I have a dataframe in scala that looks like this
df.show
+---+-----+-------------------+--------+------------------+--------+------+------------+-------------+
| id|group| normalized_amount|query_id| y| y1|group1|groupIndexed| groupEncoded|
+---+-----+-------------------+--------+------------------+--------+------+------------+-------------+
| 1| B| 0.22874172014806| 1| 0.317739988492575| 0| B| 1.0|(2,[1],[1.0])|
| 2| A| -1.42432215217563| 2| -1.32008967486074| 0| C| 0.0|(2,[0],[1.0])|
| 3| B| -2.03644548423379| 3| -1.65740392834359| 0| B| 1.0|(2,[1],[1.0])|
| 4| B| 0.425753803902096| 4|-0.127591370989296| 0| C| 0.0|(2,[0],[1.0])|
| 5| A| 0.521050829955076| 5| 0.824285664580579| 1| A| 2.0| (2,[],[])|
| 6| A|-0.0416682439998418| 6| 0.321350404322885| 1| C| 0.0|(2,[0],[1.0])|
| 7| A| -1.2787327462978| 7| -0.88099379032367| 0| A| 2.0| (2,[],[])|
| 8| A| 0.431780409975322| 8| 0.575249966796747| 1| C| 0.0|(2,[0],[1.0])|
And I'm performing a linear regression of y
on group1
(a categorical variable of 3 categories) and normalized_amount
(a continuous variable) as follows
var assembler = new VectorAssembler().setInputCols(Array("groupEncoded", "normalized_amount")).setOutputCol("features")

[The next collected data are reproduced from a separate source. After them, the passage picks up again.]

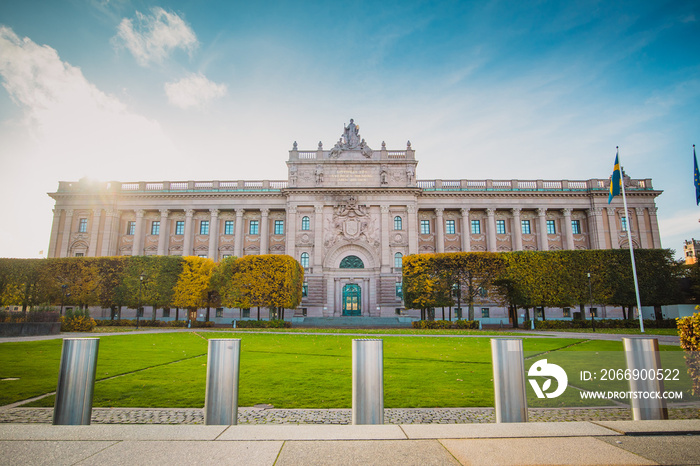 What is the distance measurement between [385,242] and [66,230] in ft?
164

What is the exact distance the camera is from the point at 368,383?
17.7ft

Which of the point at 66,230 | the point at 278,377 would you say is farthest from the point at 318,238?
the point at 278,377

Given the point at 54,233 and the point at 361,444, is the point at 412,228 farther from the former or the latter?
the point at 54,233

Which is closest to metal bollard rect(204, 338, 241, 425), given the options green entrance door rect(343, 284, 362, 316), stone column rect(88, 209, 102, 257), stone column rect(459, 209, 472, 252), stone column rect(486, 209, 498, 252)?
green entrance door rect(343, 284, 362, 316)

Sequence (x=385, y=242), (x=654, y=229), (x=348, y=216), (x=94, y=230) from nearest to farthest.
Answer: (x=385, y=242) → (x=348, y=216) → (x=654, y=229) → (x=94, y=230)

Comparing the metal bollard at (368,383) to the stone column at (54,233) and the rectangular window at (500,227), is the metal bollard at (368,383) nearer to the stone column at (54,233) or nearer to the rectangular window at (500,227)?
the rectangular window at (500,227)

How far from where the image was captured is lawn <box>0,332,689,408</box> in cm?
827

val dfFeatures = assembler.transform(df)
var lr = new LinearRegression()
var lrModel = lr.fit(dfFeatures)
var lrPrediction = lrModel.transform(dfFeatures)
I can access coefficients and standard errors as follows
lmModel.intercept
lrModel.coefficients //model coefficient estimates (not intercept)
lrModel.summary.coefficientStandardErrors //standard error of intercept and coefficients, not sure in which order
My questions are
I've seen some answers to similar questions, but they are all in pyspark and not in scala, and I'm only using scala
With a dataframe as your transformed df, that includes the prediction, and LogisticRegressionModel, you can access to the attributes of the VectorAssembler field. This code from databricks, I slightly adapted it for a LogisticRegressionModel instead of Pipeline. Note that you can choose if you want intercept estimation or not:
val lrToFit : LinearRegression = ???
lrToFit.setFitIntercept(false)
// With this dataframe as your transformed df that includes the prediction
val df: DataFrame = ???
val lr : LogisticRegressionModel = ???
val schema = df.schema
// Using the schema, the attributes of the Vector Assembler(features) can be extracted
val features = AttributeGroup.fromStructField(schema(lr.getFeaturesCol)).attributes.get.map(_.name.get)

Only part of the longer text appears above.